In 2013, the great thinker and writer, James Baldwin might (maybe not) add: “…but then you go on the Internet, or you download books onto your Kindle…”  We all experience pain and heartbreak of various kinds at some point in our lives. James Baldwin certainly experienced it as a Black man in America; as a homosexual in America; as a Black homosexual in America; as a thinker, writer, philosopher who spoke his mind in America. I loved his books (The Fire Next Time, Go Tell It On the Mountain, The Fire Next Time, Giovanni’s Room and so many more). his plays (“Blues for Mr. Charlie”), his interviews and admired him very much. Again, as I’ve previously stated in other postings, I probably have my mom to thank for she introduced me to a lot of writers and thinkers and musicians at a very tender age.  

James Baldwin was born today in 1924 in NYC. He attended De Witt Clinton HS (Class of ’42), where he wrote for The Magpie, the school’s literary magazine and The New School for Social Research.   For many years, Baldwin was considered controversial by some members of our society…he talked about race in very real terms and, though he loved his country, he couldn’t stay here and ended up moving to France where he found more peace living as a Black man and living as an openly gay man. Many Black artists and writers moved to Paris post WW II and found much more tolerance, but that’s a whole other posting for another time.

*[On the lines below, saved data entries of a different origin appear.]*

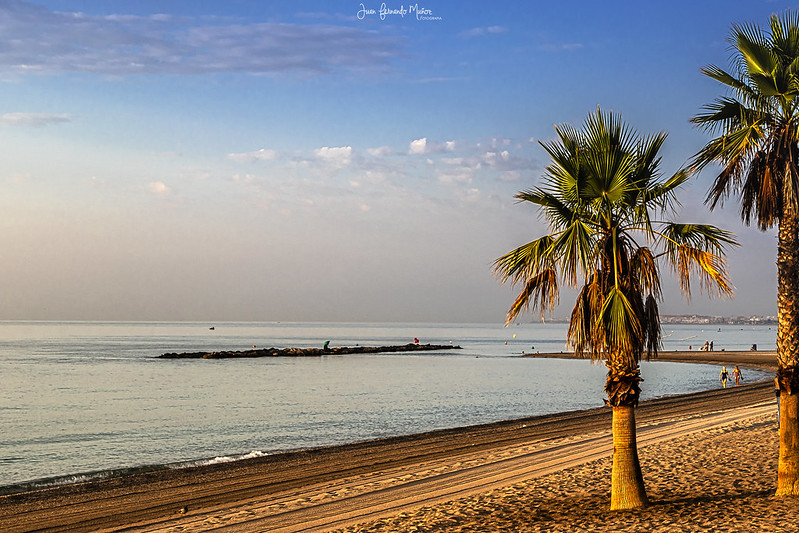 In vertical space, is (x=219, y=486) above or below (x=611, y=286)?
below

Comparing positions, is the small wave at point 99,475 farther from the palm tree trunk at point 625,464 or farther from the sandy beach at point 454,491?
the palm tree trunk at point 625,464

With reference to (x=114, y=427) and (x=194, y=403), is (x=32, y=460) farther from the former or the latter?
(x=194, y=403)

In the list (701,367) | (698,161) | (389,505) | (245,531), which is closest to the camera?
(698,161)

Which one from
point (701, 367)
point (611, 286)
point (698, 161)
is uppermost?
point (698, 161)

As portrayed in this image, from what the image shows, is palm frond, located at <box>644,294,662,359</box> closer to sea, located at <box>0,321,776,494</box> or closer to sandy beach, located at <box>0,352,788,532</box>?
sandy beach, located at <box>0,352,788,532</box>

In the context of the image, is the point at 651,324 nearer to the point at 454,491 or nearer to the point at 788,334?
the point at 788,334

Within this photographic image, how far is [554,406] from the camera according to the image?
42625mm

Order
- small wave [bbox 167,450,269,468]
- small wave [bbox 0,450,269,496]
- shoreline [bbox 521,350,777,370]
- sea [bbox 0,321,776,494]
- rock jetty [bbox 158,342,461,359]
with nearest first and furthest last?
small wave [bbox 0,450,269,496] < small wave [bbox 167,450,269,468] < sea [bbox 0,321,776,494] < shoreline [bbox 521,350,777,370] < rock jetty [bbox 158,342,461,359]

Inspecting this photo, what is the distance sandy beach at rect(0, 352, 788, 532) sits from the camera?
467 inches

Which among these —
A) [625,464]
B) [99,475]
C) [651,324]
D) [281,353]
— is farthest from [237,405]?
[281,353]

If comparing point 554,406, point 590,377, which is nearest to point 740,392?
point 554,406

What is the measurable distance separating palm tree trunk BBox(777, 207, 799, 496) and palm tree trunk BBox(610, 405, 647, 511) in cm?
250

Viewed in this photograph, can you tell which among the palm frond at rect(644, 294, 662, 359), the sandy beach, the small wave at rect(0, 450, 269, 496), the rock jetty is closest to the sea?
the small wave at rect(0, 450, 269, 496)

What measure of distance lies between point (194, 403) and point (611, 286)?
3903cm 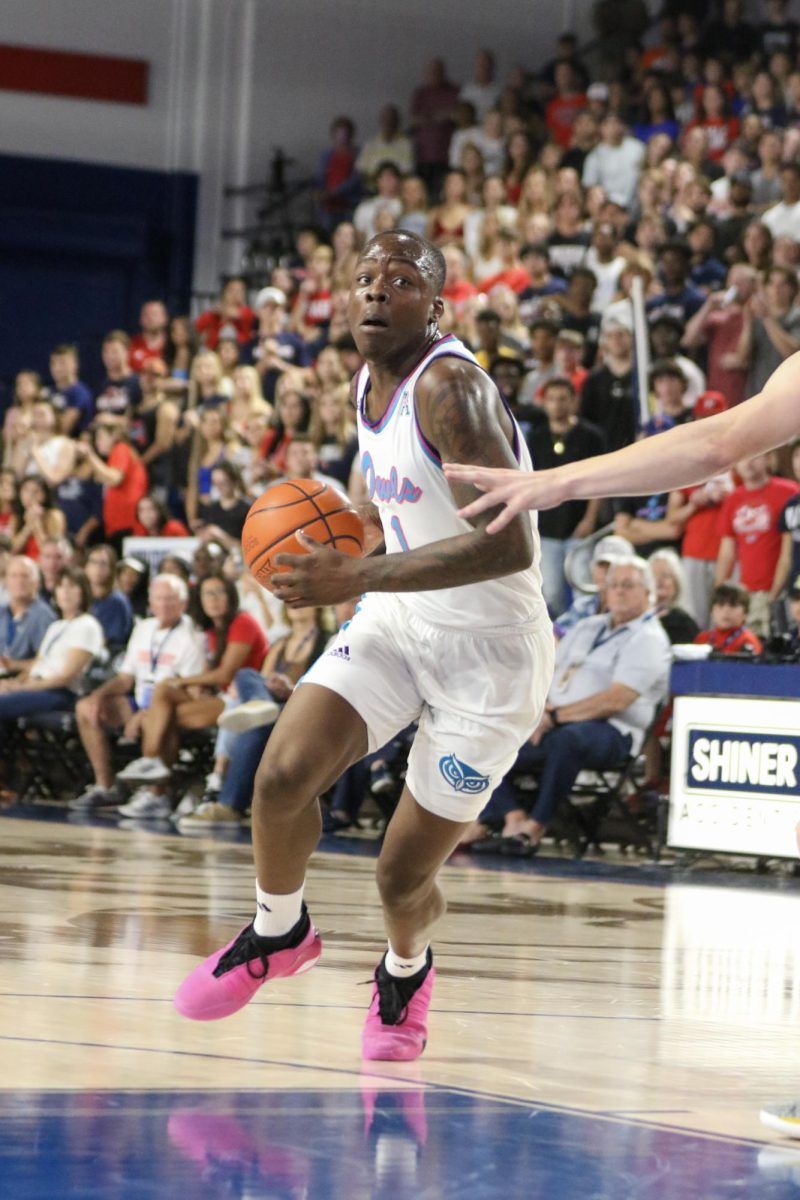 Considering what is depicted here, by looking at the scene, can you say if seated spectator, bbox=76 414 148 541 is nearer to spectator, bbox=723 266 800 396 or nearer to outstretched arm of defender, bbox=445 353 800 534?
spectator, bbox=723 266 800 396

“When the protests of the late 1950s and 1960s that Baldwin wrote about brought the Paris expatriate back to the US, the connection between racial justice and democracy in America was once again at the center of the nation’s politics, asking every citizen to realize that his or her liberty was not freedom so long as other Americans were being denied their rights.”—Darryl Pinckney, The New York Review of Books, 11/25/10  It was in the early 60s that my mom schlepped me by train up to the Ethical Culture Society where we sat spellbound in the auditorium and listened to a Civil Rights Panel featuring Baldwin, Sidney Poitier, Harry Belafonte and others I can’t remember.

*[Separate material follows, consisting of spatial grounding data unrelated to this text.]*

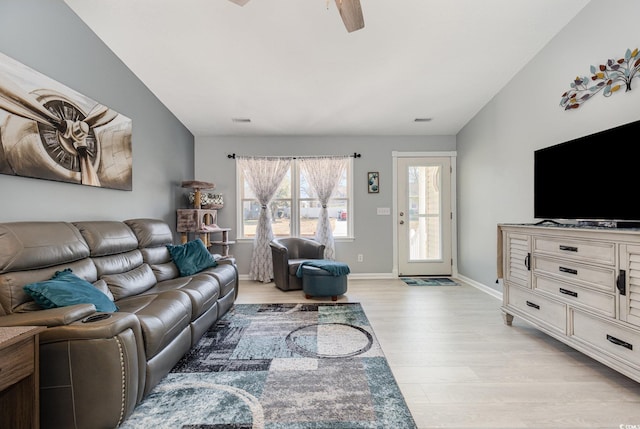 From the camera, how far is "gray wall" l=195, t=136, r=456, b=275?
4.71 meters

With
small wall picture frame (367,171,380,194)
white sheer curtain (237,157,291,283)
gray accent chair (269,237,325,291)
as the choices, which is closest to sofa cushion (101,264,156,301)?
gray accent chair (269,237,325,291)

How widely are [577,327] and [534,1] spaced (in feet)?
8.62

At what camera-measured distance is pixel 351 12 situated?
67.9 inches

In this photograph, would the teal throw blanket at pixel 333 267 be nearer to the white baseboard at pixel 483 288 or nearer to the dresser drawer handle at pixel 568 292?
the white baseboard at pixel 483 288

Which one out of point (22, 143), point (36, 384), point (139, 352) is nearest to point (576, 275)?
point (139, 352)

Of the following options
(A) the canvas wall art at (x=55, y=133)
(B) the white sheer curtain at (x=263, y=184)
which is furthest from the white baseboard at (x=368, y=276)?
(A) the canvas wall art at (x=55, y=133)

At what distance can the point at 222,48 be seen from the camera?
2762 mm

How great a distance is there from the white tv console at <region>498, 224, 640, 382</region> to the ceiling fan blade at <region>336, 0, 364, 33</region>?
2068 millimetres

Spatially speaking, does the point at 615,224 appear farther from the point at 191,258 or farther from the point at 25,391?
Answer: the point at 191,258

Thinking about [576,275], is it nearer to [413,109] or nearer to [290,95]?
[413,109]

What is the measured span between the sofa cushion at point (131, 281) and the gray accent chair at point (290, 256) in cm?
166

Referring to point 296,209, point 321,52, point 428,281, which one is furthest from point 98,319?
point 428,281

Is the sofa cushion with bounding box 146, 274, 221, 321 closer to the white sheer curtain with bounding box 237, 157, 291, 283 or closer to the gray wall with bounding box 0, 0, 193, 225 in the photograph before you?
the gray wall with bounding box 0, 0, 193, 225

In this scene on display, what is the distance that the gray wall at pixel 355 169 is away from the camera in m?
4.71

Baldwin knew pain and heartache very well beginning from his childhood and throughout his life, but he continued to move forward and was not a pessimist and knew without a doubt, “The hope of the world lies in what one demands, not of others, but of oneself.”

Anyone who has heard James Baldwin speak, will never forget the tonal quality of his voice, it was mellifluous, unforgettable. His words echo so true today in the 21st Century  in a letter he wrote to his nephew, also named James. This letter was published in December, 1962 and here is an excerpt: “This innocent country set you down in a ghetto in which, in fact, it intended that you should perish. Let me spell out precisely what I mean by that for the heart of the matter is here and the crux of my dispute with my country. You were born where you were born and faced the future that you faced because you were black and for no other reason. The limits to your ambition were thus expected to be settled. You were born into a society which spelled out with brutal clarity and in as many ways as possible that you were a worthless human being. You were not expected to aspire to excellence. You were expected to make peace with mediocrity. Wherever you have turned, James, in your short time on this earth, you have been told where you could go and what you could do and how you could do it, where you could live and whom you could marry.”The Progressive, 12/1962

 Of course things are better here, no one is denying that but it is important that we know our history, which includes “pain and heartbreak” and injustices and man’s inhumanity to man. As Baldwin pointed out in the quote used to title this posting, “…but then you read.”  That quote continues, “…It was books that taught me that the things that tormented me most were the very things that connected me with all the people who were alive, or who had ever been alive.” We are all connected.

 

 

 

 

 

 

 

 

 

 

 

 

 

 

 

 

 

“I am the me I choose to be.” –Sidney Poitier

Happy 86th Birthday MR. Sidney Poitier!!  Oh how I loved him and had a crush on him. What a human being, what an actor, what a face, what a man!!!!!!   Did you read The Measure of a Man?  I remember my mom taking me to the Ethical Society in NYC to see Mr. Poitier speak on Civil Rights with Harry Belafonte and I think James Baldwin, but I was very young, under 10, but I was mesmerized. That event had to be before 1963, so who knows who else was on that stage…Oh how I wish I could remember!!!!!   At ten, mom took me to see Sidney Poitier in “Lilies of the Field” where we both walked out singing, Amen.”  Watch Mr. Poitier teaching the nuns English in “Lilies of the Field” and singing with them right here.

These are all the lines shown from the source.